[Available data — start]

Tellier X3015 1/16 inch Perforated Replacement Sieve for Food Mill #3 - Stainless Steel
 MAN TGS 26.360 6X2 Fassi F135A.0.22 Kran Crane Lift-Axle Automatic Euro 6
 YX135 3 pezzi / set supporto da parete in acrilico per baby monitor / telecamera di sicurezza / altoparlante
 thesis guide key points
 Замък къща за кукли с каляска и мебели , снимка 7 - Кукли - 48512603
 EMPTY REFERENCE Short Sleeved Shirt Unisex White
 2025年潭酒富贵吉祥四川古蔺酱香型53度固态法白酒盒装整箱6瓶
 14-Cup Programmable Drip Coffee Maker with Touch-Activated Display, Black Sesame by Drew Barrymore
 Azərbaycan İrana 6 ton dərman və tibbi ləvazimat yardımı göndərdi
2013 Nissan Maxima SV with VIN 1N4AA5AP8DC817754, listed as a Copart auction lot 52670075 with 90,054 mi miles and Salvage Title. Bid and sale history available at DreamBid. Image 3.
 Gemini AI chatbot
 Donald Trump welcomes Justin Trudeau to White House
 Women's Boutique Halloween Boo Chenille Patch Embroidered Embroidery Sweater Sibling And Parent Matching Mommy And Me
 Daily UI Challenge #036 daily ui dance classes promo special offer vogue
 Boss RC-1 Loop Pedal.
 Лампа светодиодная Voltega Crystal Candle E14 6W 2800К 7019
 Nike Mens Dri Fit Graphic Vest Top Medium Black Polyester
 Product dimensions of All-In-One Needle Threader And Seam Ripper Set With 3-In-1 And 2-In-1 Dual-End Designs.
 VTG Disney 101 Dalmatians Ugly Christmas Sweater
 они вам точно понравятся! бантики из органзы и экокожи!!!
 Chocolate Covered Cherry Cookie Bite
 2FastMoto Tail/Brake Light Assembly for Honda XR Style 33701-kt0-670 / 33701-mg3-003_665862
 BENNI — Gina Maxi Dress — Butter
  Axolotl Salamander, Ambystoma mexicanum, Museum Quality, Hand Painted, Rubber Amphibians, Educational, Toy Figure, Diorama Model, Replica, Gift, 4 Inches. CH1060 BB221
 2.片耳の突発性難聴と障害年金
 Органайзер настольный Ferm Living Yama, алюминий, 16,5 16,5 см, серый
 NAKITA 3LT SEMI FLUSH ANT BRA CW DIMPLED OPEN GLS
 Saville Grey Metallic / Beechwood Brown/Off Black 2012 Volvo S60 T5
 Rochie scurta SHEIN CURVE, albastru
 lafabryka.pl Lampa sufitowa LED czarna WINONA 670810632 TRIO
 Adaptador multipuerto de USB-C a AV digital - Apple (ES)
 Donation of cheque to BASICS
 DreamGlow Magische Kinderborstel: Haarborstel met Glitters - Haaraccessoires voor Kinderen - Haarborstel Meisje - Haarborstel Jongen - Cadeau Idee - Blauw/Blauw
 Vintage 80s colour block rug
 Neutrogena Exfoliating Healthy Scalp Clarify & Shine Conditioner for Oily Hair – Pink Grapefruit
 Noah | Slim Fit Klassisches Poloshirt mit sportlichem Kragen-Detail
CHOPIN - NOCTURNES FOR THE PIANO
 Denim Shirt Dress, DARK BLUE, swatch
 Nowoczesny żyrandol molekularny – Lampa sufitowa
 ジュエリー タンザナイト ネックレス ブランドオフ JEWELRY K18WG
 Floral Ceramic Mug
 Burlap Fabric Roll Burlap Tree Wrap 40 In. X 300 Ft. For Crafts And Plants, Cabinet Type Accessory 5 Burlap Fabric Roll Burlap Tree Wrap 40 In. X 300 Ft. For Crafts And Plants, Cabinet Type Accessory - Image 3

[Available data — finish]

▶ [Work to be completed] Take the entries above and return only the lines from the one with "Axolotl Salamander, Ambystoma" to the one with "Floral Ceramic Mug", both included, unchanged.

▶ [Result of the task]
  Axolotl Salamander, Ambystoma mexicanum, Museum Quality, Hand Painted, Rubber Amphibians, Educational, Toy Figure, Diorama Model, Replica, Gift, 4 Inches. CH1060 BB221
 2.片耳の突発性難聴と障害年金
 Органайзер настольный Ferm Living Yama, алюминий, 16,5 16,5 см, серый
 NAKITA 3LT SEMI FLUSH ANT BRA CW DIMPLED OPEN GLS
 Saville Grey Metallic / Beechwood Brown/Off Black 2012 Volvo S60 T5
 Rochie scurta SHEIN CURVE, albastru
 lafabryka.pl Lampa sufitowa LED czarna WINONA 670810632 TRIO
 Adaptador multipuerto de USB-C a AV digital - Apple (ES)
 Donation of cheque to BASICS
 DreamGlow Magische Kinderborstel: Haarborstel met Glitters - Haaraccessoires voor Kinderen - Haarborstel Meisje - Haarborstel Jongen - Cadeau Idee - Blauw/Blauw
 Vintage 80s colour block rug
 Neutrogena Exfoliating Healthy Scalp Clarify & Shine Conditioner for Oily Hair – Pink Grapefruit
 Noah | Slim Fit Klassisches Poloshirt mit sportlichem Kragen-Detail
CHOPIN - NOCTURNES FOR THE PIANO
 Denim Shirt Dress, DARK BLUE, swatch
 Nowoczesny żyrandol molekularny – Lampa sufitowa
 ジュエリー タンザナイト ネックレス ブランドオフ JEWELRY K18WG
 Floral Ceramic Mug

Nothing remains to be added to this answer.